O choque da fatura de roaming está de volta: passes diários, SIM de aeroporto ou eSIM de viagem em 2026
July 23, 2026 · 10 min read
A mensagem costuma chegar antes de encontrar o tapete das malas. "Bem-vindo a Itália! O roaming de dados é cobrado a..." e, de repente, o seu telemóvel, o mesmo que durante anos circulou pela Europa sem custos, passa a ser um taxímetro no bolso. O choque da fatura de roaming está de volta no verão de 2026. Todas as grandes redes do Reino Unido (EE, O2, Vodafone e Three) voltaram a introduzir taxas de roaming na UE de cerca de £2,25 a £3 por dia, e os avisos aos consumidores sobre faturas surpresa de verão circulam neste preciso momento. Os viajantes americanos nunca perderam as suas: as grandes operadoras dos EUA continuam a cobrar 10 a 12 dólares por dia por um passe diário internacional, por linha. Multiplique qualquer um destes números por duas semanas de férias em família e o resultado é uma surpresa de três dígitos na fatura de agosto, por algo que custa poucos dólares quando comprado de outra maneira.
Vamos então fazer as contas a sério: quanto custa realmente uma semana de ligação com um passe diário da operadora, num quiosque de SIM no aeroporto e com um eSIM de viagem pré-pago, mais as cinco definições que travam a fatura surpresa antes de ela aparecer.

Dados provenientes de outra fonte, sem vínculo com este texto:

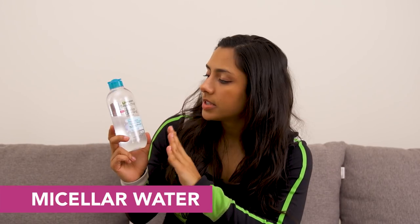Next thing I have in my gym bag is micellar water. This is amazing for getting makeup off. I've already used half the bottle and I've only had it for about a month, but I love it because it doesn't burn your eyes. Do I know what micellar means? No. This is the Garnier Skin Active one. I love using it before I work out to take off my makeup and after to help get some of the sweat off.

Porque é que as faturas voltaram
Os viajantes britânicos passaram anos a tratar o roaming gratuito na UE como uma lei da natureza. Na verdade era um benefício da regra europeia Roam Like at Home e, depois do Brexit, as grandes redes voltaram a escrever taxas diárias nos contratos, sem alarido. Neste verão a reintrodução ficou completa: as quatro principais redes do Reino Unido cobram agora pelo roaming na UE, tipicamente £2,25 a £3 por dia.
A regulação está a avançar na direção certa, só não a tempo da sua viagem. A 4 de junho de 2026, o Conselho da UE abriu negociações para alargar o Roam Like at Home aos Balcãs Ocidentais, com a eliminação total das taxas de roaming nessa região prevista para cerca de 2028. Boas notícias para quem tem um SIM da UE, daqui a uns anos. Não faz nada por um londrino em Lisboa nem por um nova-iorquino em Roma já este agosto.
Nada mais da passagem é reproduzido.